Material. 35 x 40 x 6 mm carbon-steel bar or spring steel or a piece of ploughshare or disc; small piece of water-pipe to make a ferrule.
Additional tools. Set hammer; flatter; 25-mm top fuller; drill for hole in handle.
Cut or forge a piece of steel to the size shown in Fig. 152A. Heat one end to a bright red heat and partially forge the tang (Fig. 153). Take care to work from both sides of the metal to keep the tang on the centre line. Reverse the piece and hold the partially made tang in tongs. Heat the other end to a bright red heat and forge (Fig. 154) to the approximate shape shown in Fig. 152C.
Reheat if necessary and partly bend the point over the beak(Fig. 155). Reheat and complete the bend (Fig. 156).
Hold the point and heat the tang end for a distance of 50 to 60 mm back from the shoulder. Hold the tang and set in the blade to begin the drawing-down (Fig. 157). The blade and the set should be held at an angle to allow the force of the blows to impinge on what is to be the cutting edge. Reheat about half the length of the blade and draw-down the edge using a fuller (Fig. 158). This fullering is continued along the length of the blade until the whole length is nearly the correct dimension. Final finishing is carried out using set hammer and flatter. Take care not to hammer the edges of these tools into the anvil face when working on the thin edge.

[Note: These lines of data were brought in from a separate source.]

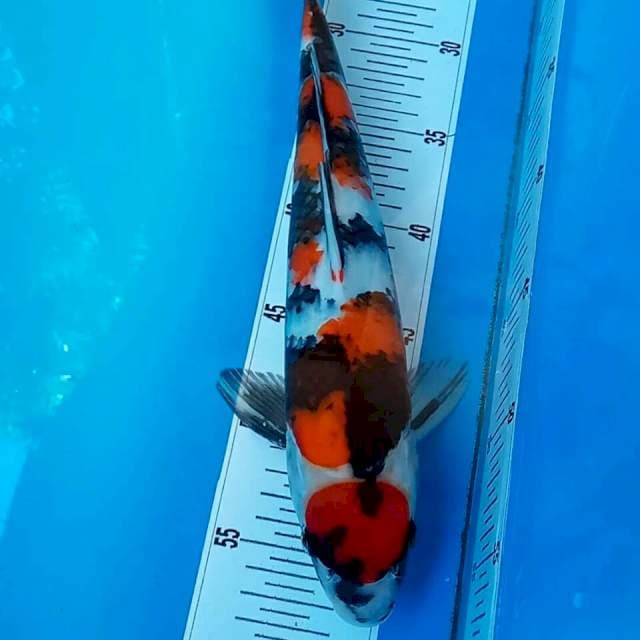 Showa 34 Cm 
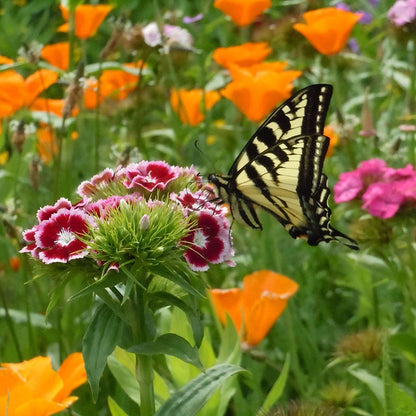 Perennial Curb Appeal Wildflower Seed Mix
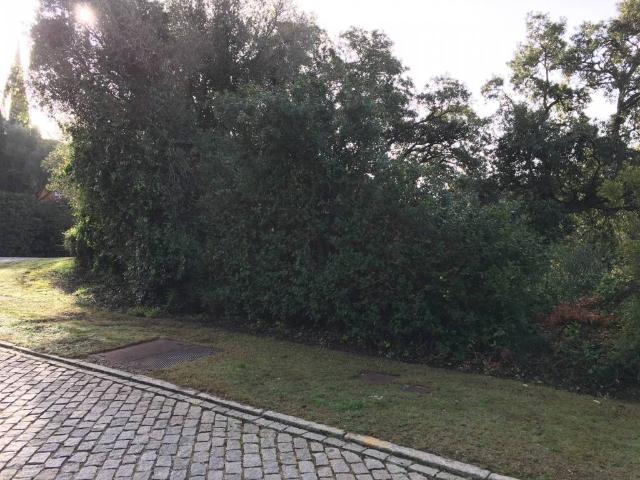 Terreno en Venta en San Roque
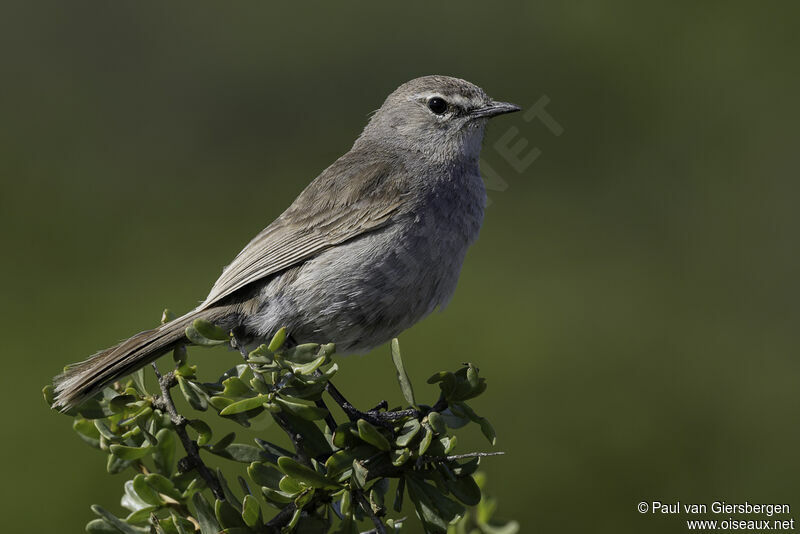 Agrobate coryphéeadulte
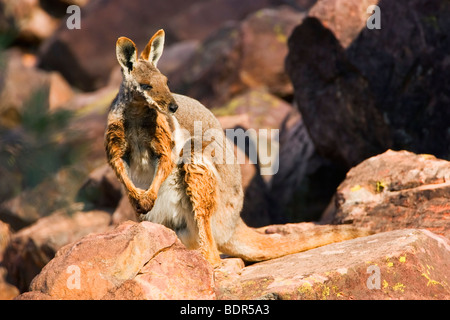 Gelbe Footed Rock Wallaby Petrogale Xanthopus in späten Nachmittag goldenes Licht Stockfoto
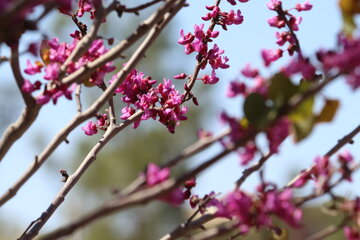 Los árboles de amor florecen en Semnán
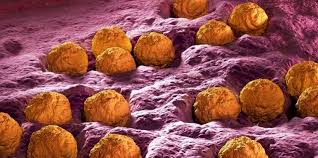 Attēlu rezultāti vaicājumam “Bacidia rubella”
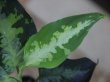 画像4: 【特価】Aglaonema pictum "Hierophant Green" Sumatera Barat ver.福間【AZ0512-X】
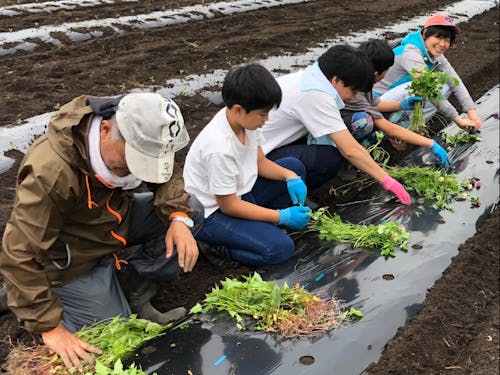 サツマイモの苗植えの風景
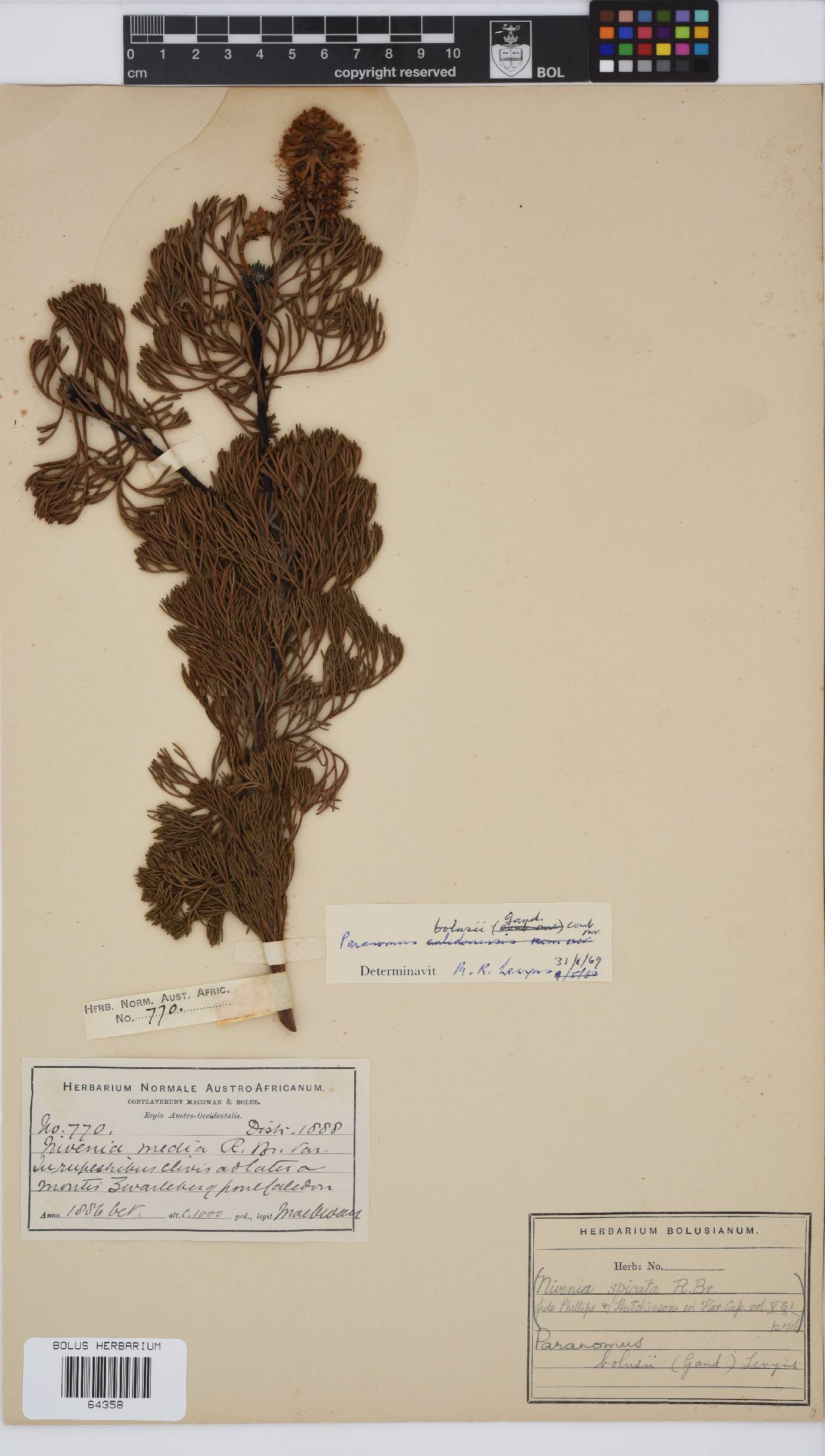 Paranomus bolusii image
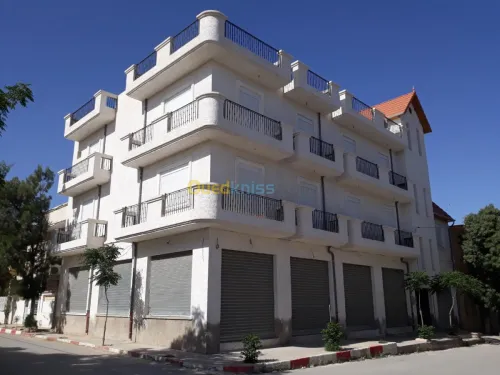 Facade monocouche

Reheat the tang end to a bright red heat and draw out the tang (Fig. 159) to the dimensions shown in Fig. 152E. Make sure that the last 25 mm or so of the tang is drawn out very thin to simplify the fastening of the handle. A wooden handle can be made to the sizes shown in Fig. 152F. The ferrule (Fig. 152G) is a metal ring girdling the handle to strengthen it and is made from a small piece of steel water-pipe heated and stretched over a drift. This must be a tight fit on the wood. A 6- to 7-mm hole is next drilled through the wooden handle. The tang is heated to a dull red heat and inserted into the handle to burn its way through. The tang should go easily into the wood to within about 4 mm of the shoulder. Remove the handle from the tang and carry out hardening and tempering.

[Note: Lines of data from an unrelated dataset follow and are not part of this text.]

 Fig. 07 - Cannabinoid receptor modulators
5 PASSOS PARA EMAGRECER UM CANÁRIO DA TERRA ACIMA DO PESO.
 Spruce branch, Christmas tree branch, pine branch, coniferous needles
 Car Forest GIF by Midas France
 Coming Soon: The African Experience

Hardening is best carried out in oil. If tempering is difficult, place a metal tray full of sand on top of the fire and put the blade in the sand with its cutting edge uppermost and out of the sand. Heat will be transferred from the sand to the metal slowly, giving plenty of time for the temper colours to be observed. The cutting edge should be ground or filed to a keen edge before hardening and tempering. Final sharpening is done afterwards on a whetstone.
When the handle and blade are complete, heat the end of the tang to a red heat, quickly place the tang into the handle and bend over the end as shown in Fig. 152H. Then quickly cool the handle in water to prevent excessive burning of the wood.